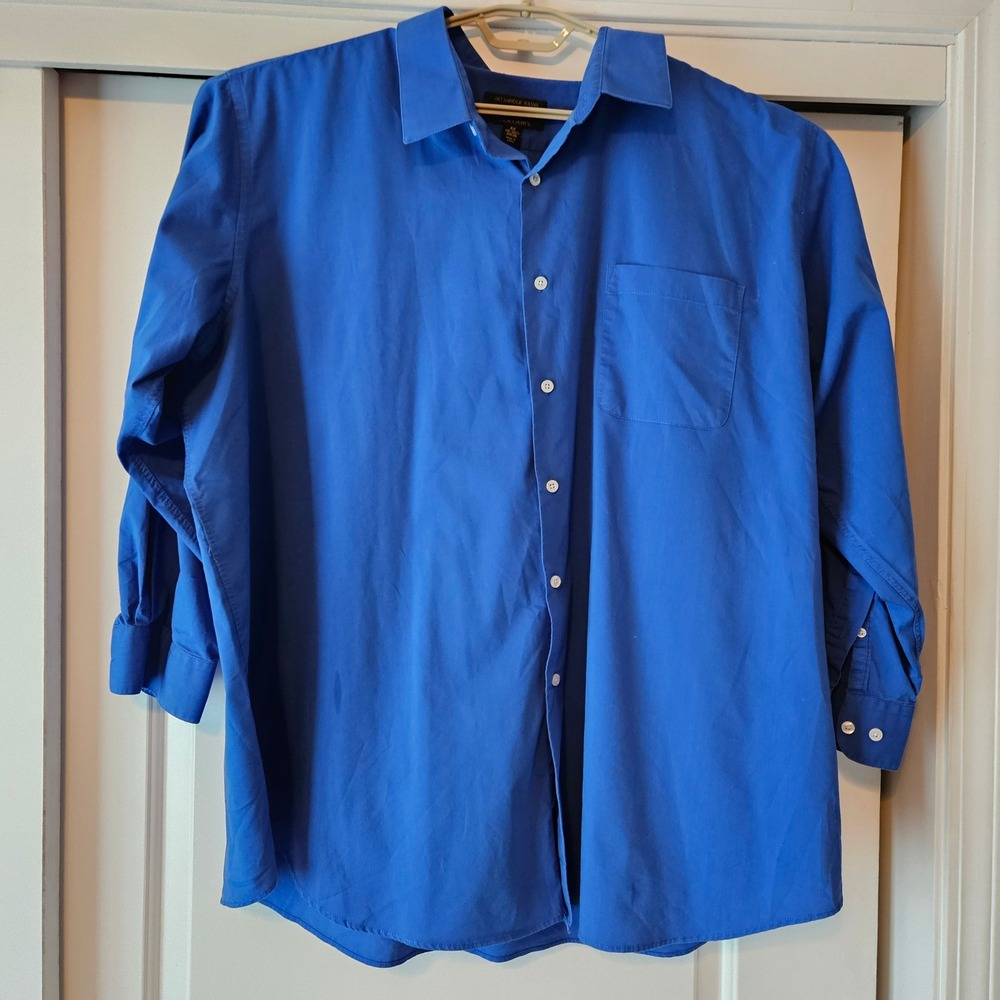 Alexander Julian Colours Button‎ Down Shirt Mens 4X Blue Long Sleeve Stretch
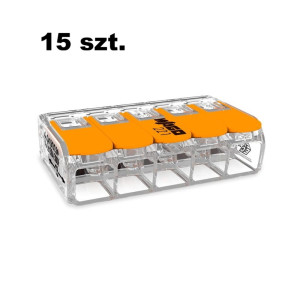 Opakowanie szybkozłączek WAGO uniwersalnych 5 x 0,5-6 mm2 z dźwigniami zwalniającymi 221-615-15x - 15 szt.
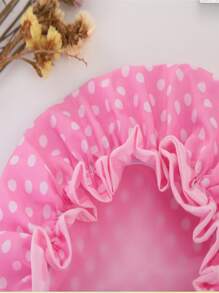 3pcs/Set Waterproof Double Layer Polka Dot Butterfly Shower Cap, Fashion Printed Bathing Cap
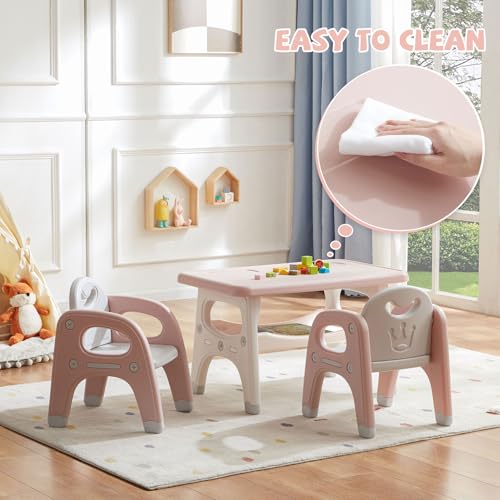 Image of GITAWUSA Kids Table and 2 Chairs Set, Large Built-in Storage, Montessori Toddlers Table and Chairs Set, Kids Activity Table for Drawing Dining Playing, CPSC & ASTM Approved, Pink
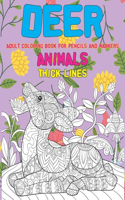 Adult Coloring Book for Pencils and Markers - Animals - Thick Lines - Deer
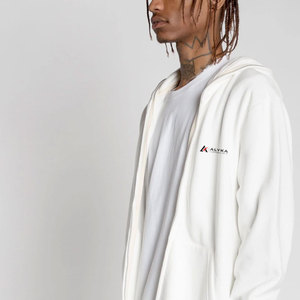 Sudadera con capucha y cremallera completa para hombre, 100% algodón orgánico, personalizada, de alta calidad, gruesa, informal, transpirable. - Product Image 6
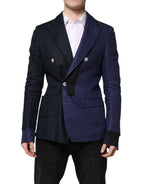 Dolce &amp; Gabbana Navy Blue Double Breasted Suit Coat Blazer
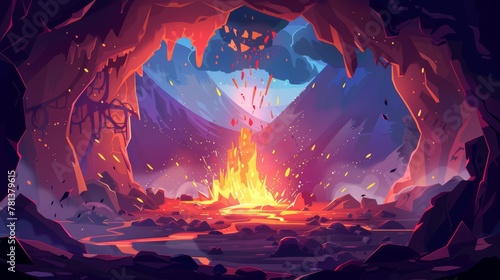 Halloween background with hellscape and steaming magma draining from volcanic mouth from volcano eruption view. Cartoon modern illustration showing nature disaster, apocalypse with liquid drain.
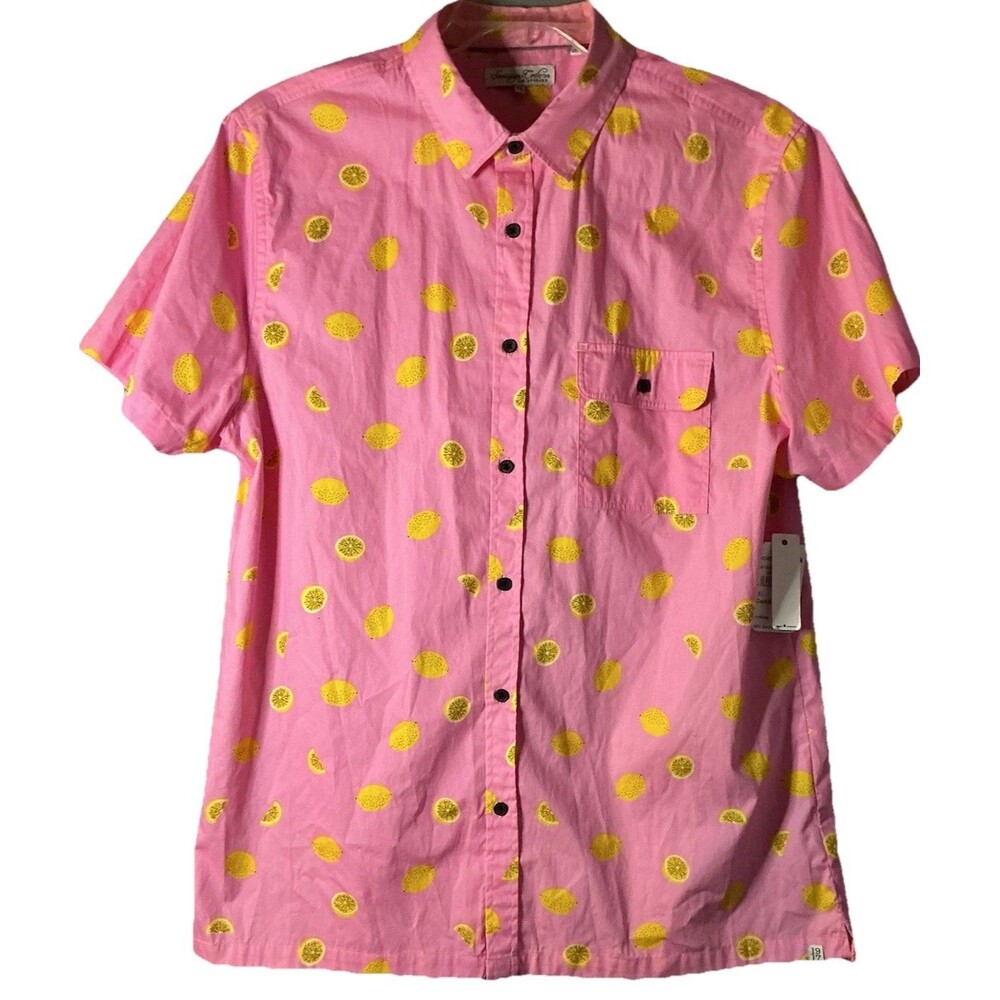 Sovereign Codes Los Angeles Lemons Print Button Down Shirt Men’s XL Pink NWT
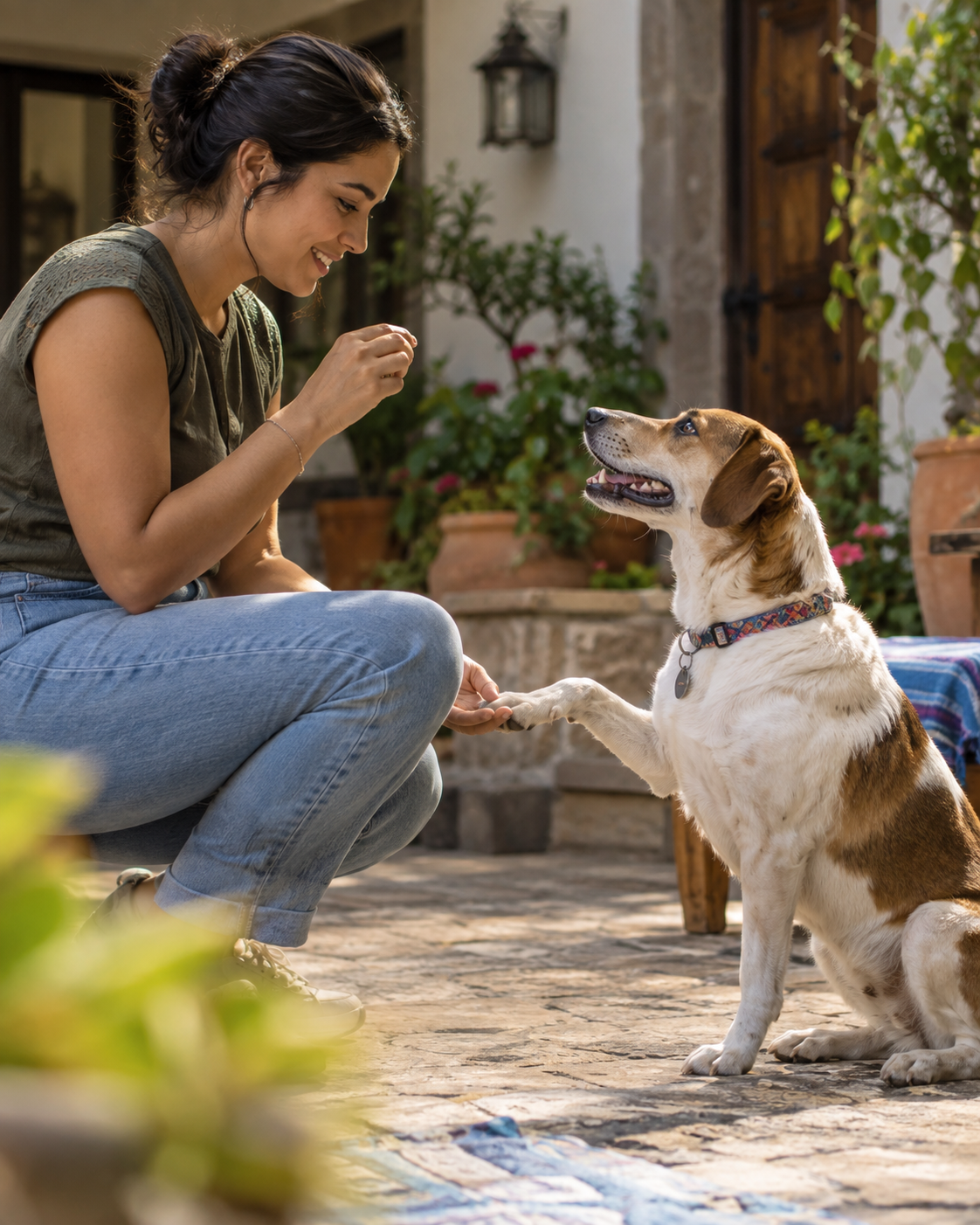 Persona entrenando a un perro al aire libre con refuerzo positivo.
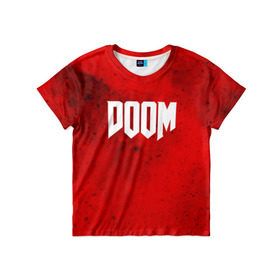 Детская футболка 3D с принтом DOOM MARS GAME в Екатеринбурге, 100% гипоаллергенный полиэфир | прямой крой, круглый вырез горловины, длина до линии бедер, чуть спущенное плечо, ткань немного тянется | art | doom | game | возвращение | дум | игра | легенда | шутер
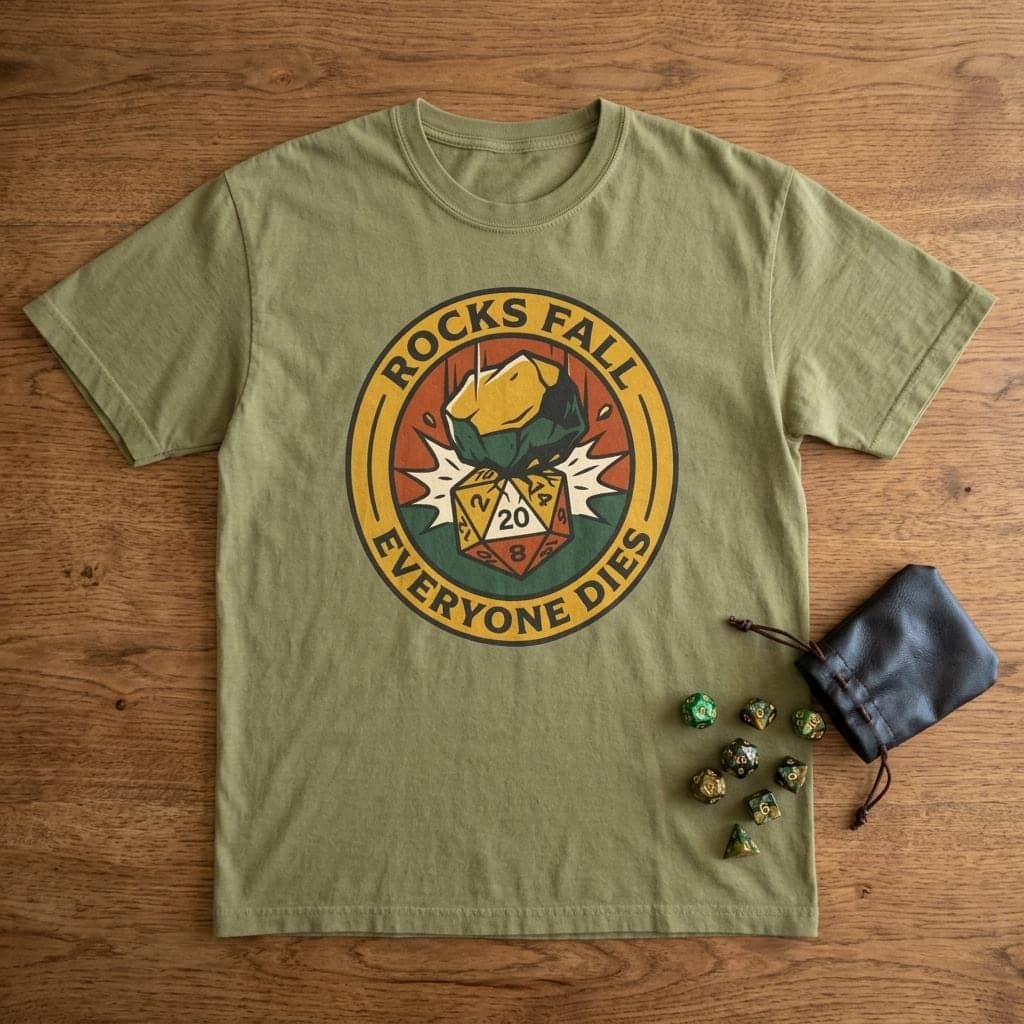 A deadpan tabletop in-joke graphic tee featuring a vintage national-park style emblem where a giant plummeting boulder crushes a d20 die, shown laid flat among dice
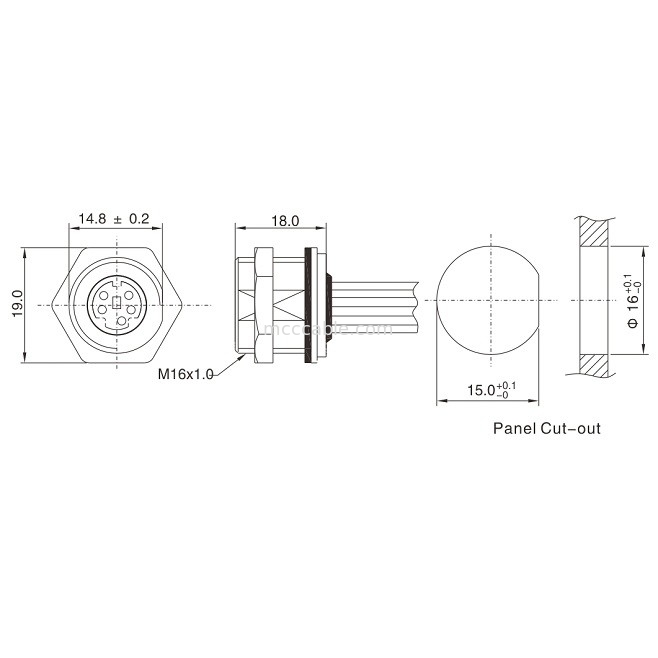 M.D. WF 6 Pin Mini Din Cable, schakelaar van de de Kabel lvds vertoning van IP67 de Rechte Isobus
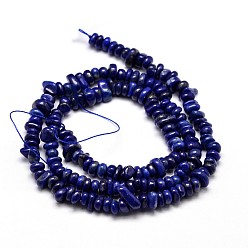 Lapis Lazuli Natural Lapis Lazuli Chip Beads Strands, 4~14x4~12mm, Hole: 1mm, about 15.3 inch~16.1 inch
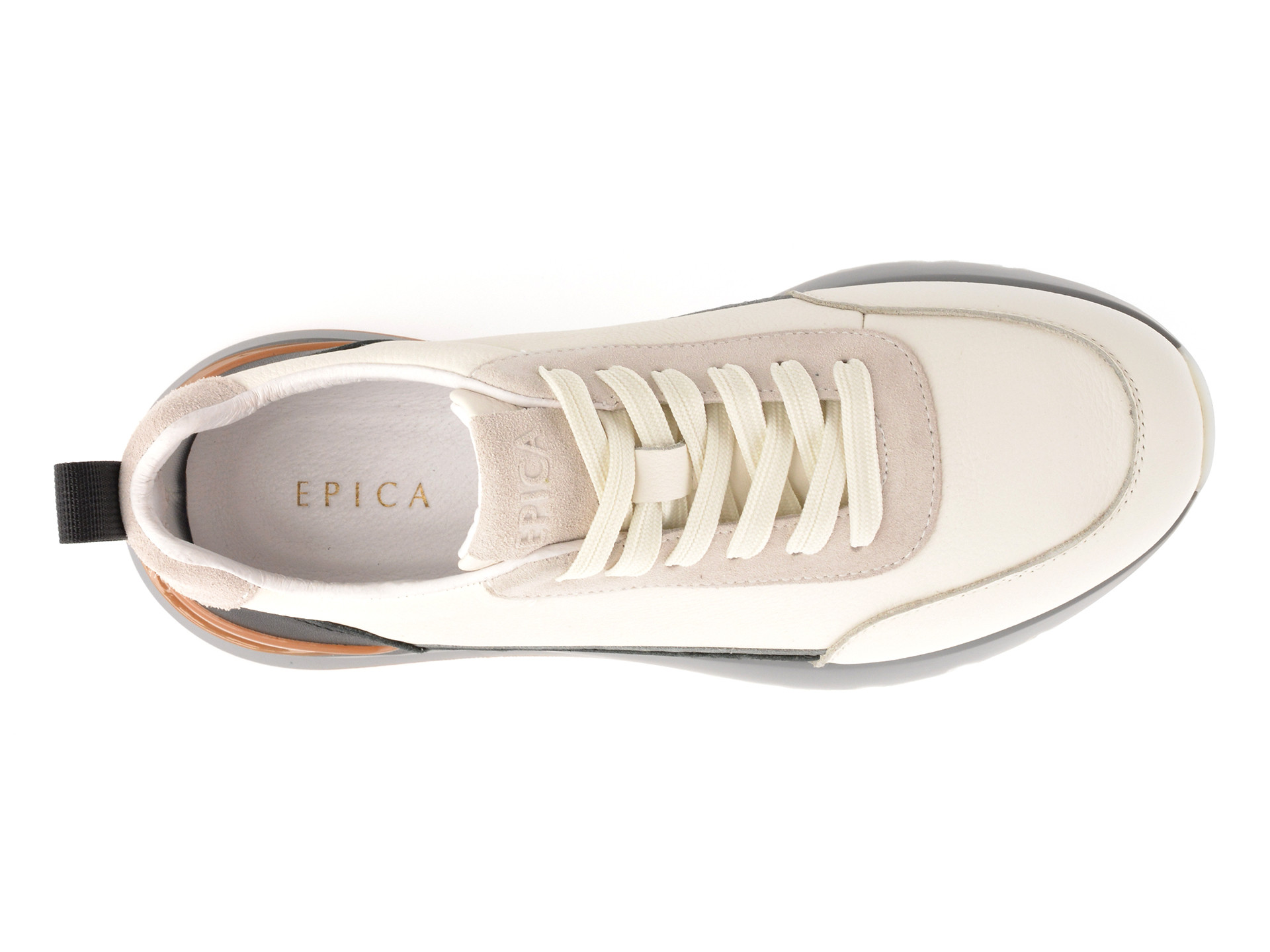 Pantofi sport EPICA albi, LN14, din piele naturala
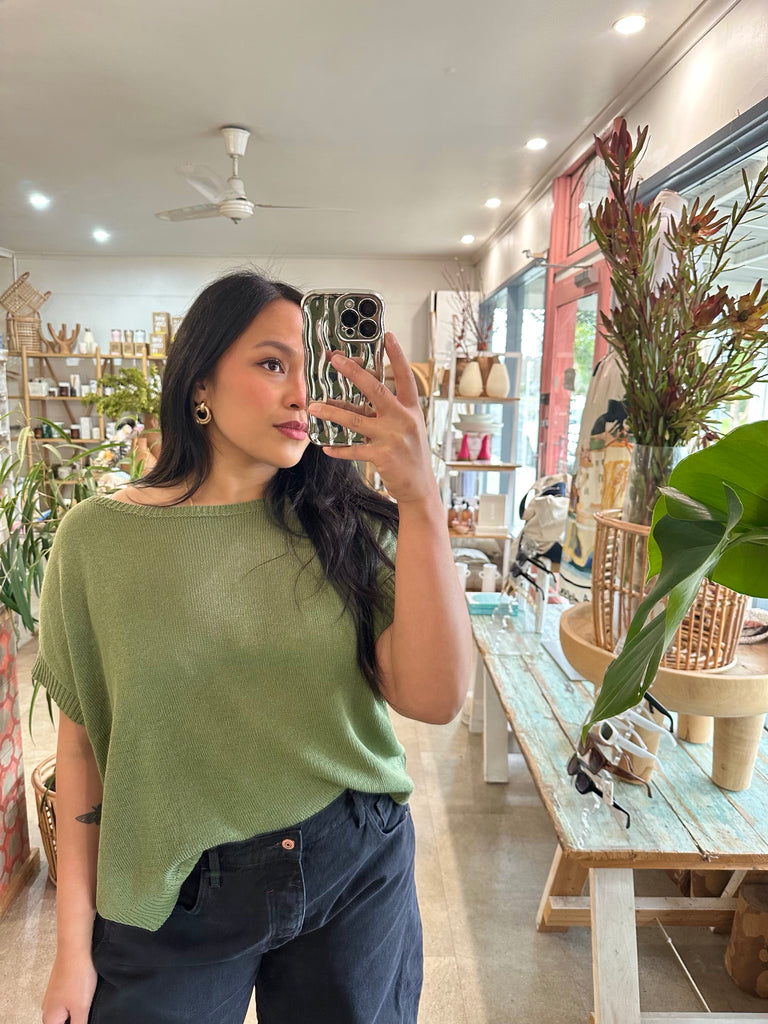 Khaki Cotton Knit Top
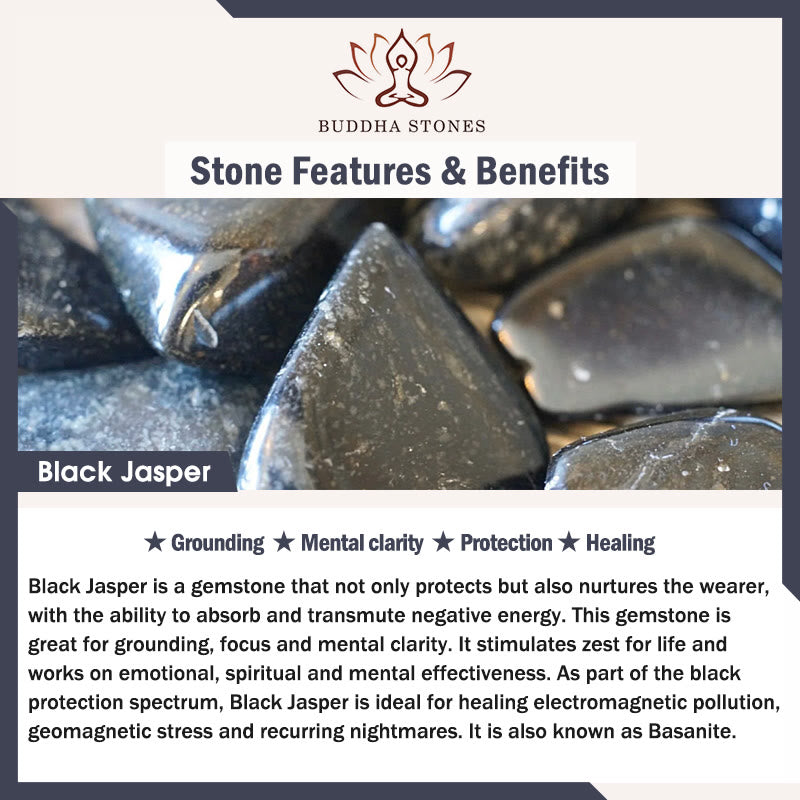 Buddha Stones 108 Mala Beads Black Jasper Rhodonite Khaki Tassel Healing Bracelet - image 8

________________________

__HOW TO COMPLETE THIS TASK__
What you give back must match the entries exactly, apart from the omitted pictures.

__YOUR RESPONSE__
 Alexander Julian Colours Button‎ Down Shirt Mens 4X Blue Long Sleeve Stretch
 Opakowanie szybkozłączek WAGO uniwersalnych 5 x 0,5-6 mm2 z dźwigniami zwalniającymi 221-615-15x - 15 szt.
 3pcs/Set Waterproof Double Layer Polka Dot Butterfly Shower Cap, Fashion Printed Bathing Cap
 Image of GITAWUSA Kids Table and 2 Chairs Set, Large Built-in Storage, Montessori Toddlers Table and Chairs Set, Kids Activity Table for Drawing Dining Playing, CPSC & ASTM Approved, Pink
 Adult Coloring Book for Pencils and Markers - Animals - Thick Lines - Deer
 Sudadera con capucha y cremallera completa para hombre, 100% algodón orgánico, personalizada, de alta calidad, gruesa, informal, transpirable. - Product Image 6
 Dolce &amp; Gabbana Navy Blue Double Breasted Suit Coat Blazer
 Halloween background with hellscape and steaming magma draining from volcanic mouth from volcano eruption view. Cartoon modern illustration showing nature disaster, apocalypse with liquid drain.
 Sovereign Codes Los Angeles Lemons Print Button Down Shirt Men’s XL Pink NWT
 Persona entrenando a un perro al aire libre con refuerzo positivo.
 Детская футболка 3D с принтом DOOM MARS GAME в Екатеринбурге, 100% гипоаллергенный полиэфир | прямой крой, круглый вырез горловины, длина до линии бедер, чуть спущенное плечо, ткань немного тянется | art | doom | game | возвращение | дум | игра | легенда | шутер
 A deadpan tabletop in-joke graphic tee featuring a vintage national-park style emblem where a giant plummeting boulder crushes a d20 die, shown laid flat among dice
 M.D. WF 6 Pin Mini Din Cable, schakelaar van de de Kabel lvds vertoning van IP67 de Rechte Isobus
 Lapis Lazuli Natural Lapis Lazuli Chip Beads Strands, 4~14x4~12mm, Hole: 1mm, about 15.3 inch~16.1 inch
 Pantofi sport EPICA albi, LN14, din piele naturala
 Khaki Cotton Knit Top
 Buddha Stones 108 Mala Beads Black Jasper Rhodonite Khaki Tassel Healing Bracelet - image 8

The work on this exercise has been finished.